[Task directions]: Look below for the line with "Figure 3—figure supplement 4." and the line with "junger Beulenkopfmaulbrüter im Aquarium"; repeat exactly those two lines and all lines between them, but no pictures.

[Source data]:

•••••

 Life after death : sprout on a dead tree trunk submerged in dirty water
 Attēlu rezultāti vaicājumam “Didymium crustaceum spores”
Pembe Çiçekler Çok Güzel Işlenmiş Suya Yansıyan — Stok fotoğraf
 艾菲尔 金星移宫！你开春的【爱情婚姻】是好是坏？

•••••

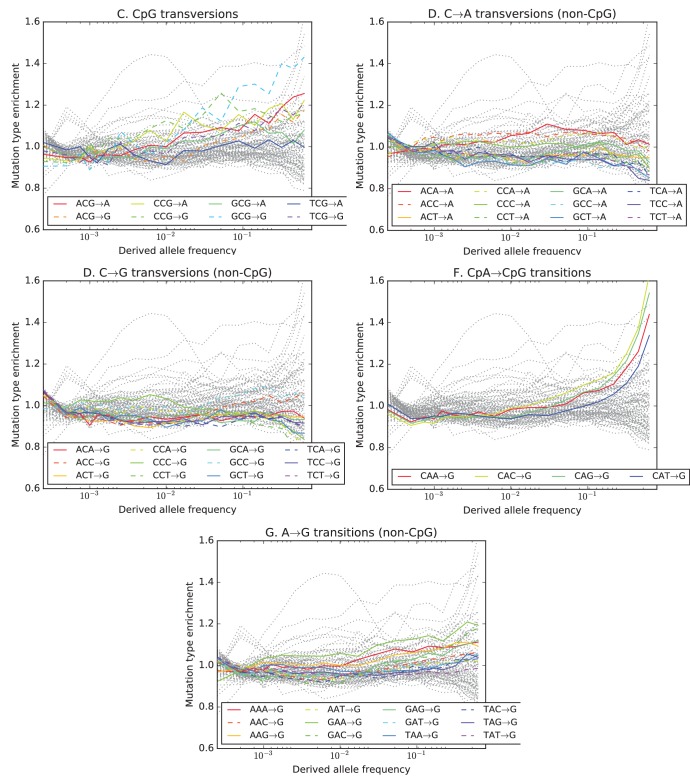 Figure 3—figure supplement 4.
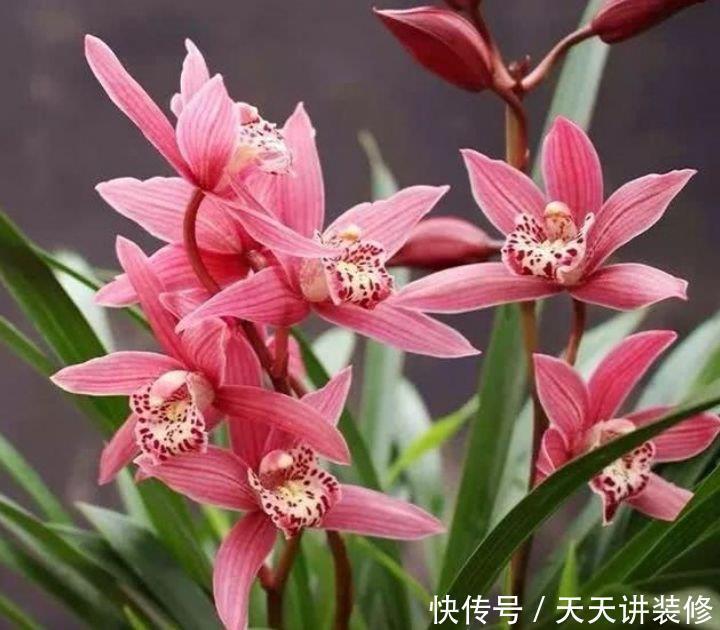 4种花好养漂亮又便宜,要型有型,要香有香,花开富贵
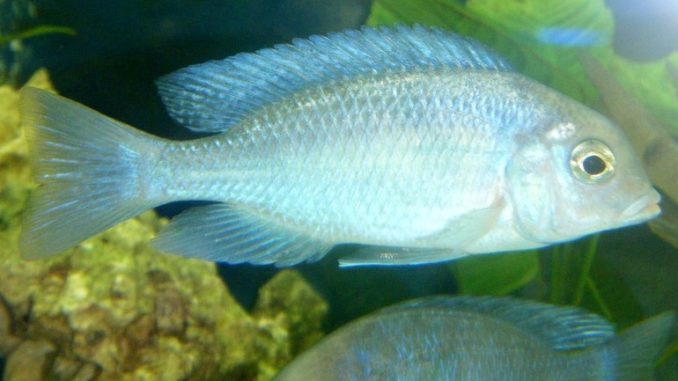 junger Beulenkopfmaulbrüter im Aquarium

•••••

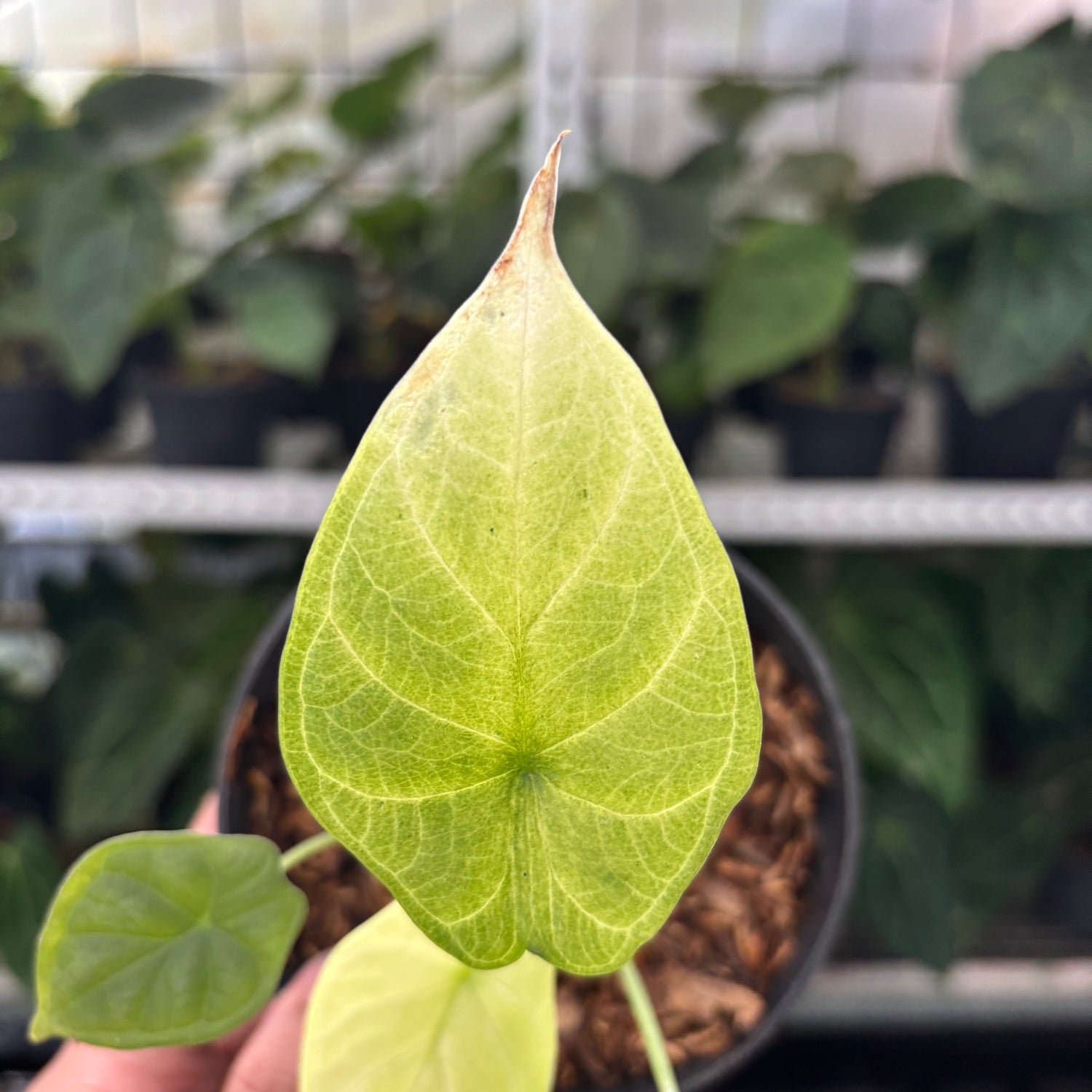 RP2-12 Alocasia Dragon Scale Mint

•••••

[Written response]:
 Figure 3—figure supplement 4.
 4种花好养漂亮又便宜,要型有型,要香有香,花开富贵
 junger Beulenkopfmaulbrüter im Aquarium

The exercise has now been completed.